◆ **Recorded information**
■ ■ ■ ■

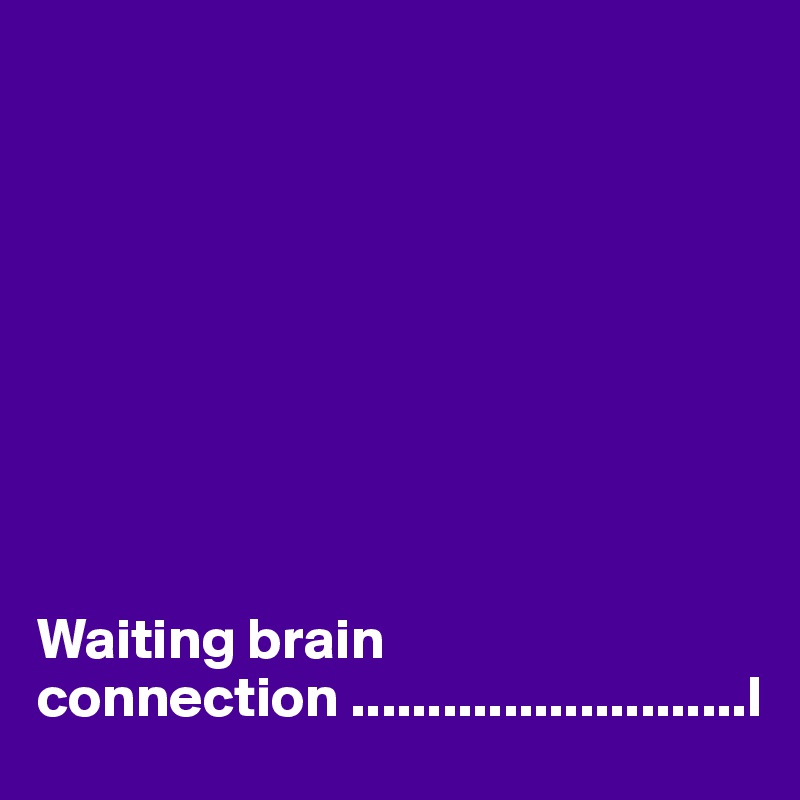 









Waiting brain connection ..........................I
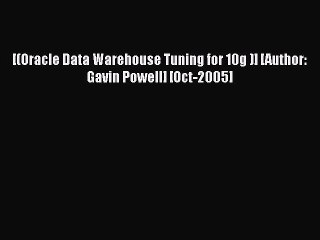 Download [(Oracle Data Warehouse Tuning for 10g )] [Author: Gavin Powell] [Oct-2005] PDF Free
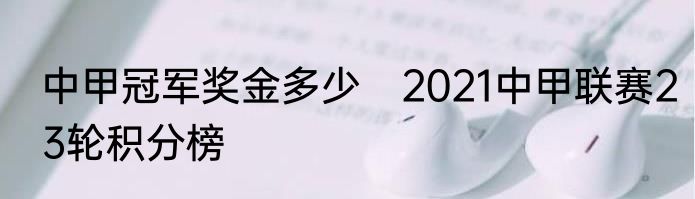 中甲冠军奖金多少　2021中甲联赛23轮积分榜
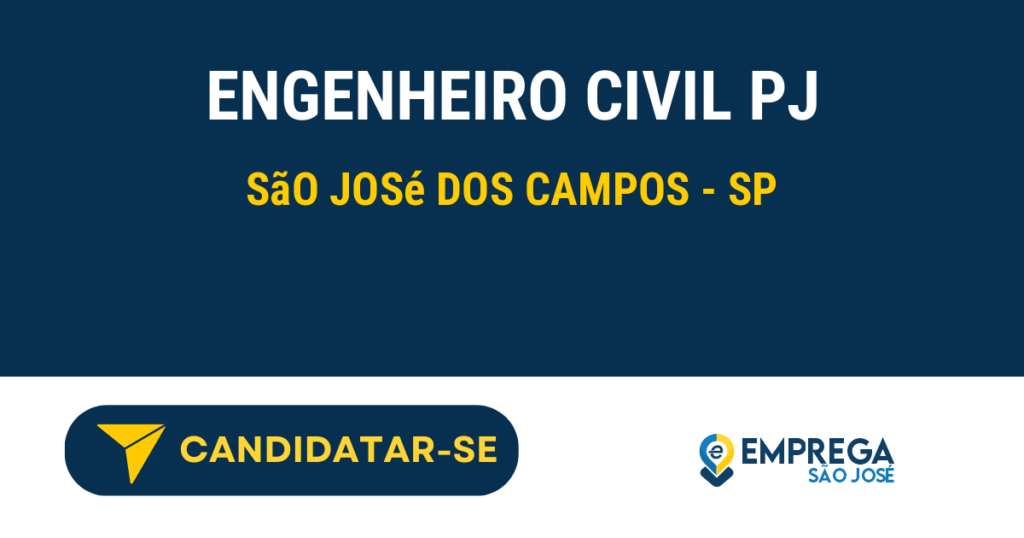 Vaga de Emprego ENGENHEIRO CIVIL PJ - São José dos Campos - SP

■ ■ ■ ■

◆ **Work to be completed**
The answer must consist solely of the lines from the one with "Download [(Oracle Data" through the final line of the data, each reproduced exactly and with pictures omitted.

◆ **Solved problem**
 Download [(Oracle Data Warehouse Tuning for 10g )] [Author: Gavin Powell] [Oct-2005] PDF Free
 中甲冠军奖金多少　2021中甲联赛23轮积分榜
 Vaga de Emprego ENGENHEIRO CIVIL PJ - São José dos Campos - SP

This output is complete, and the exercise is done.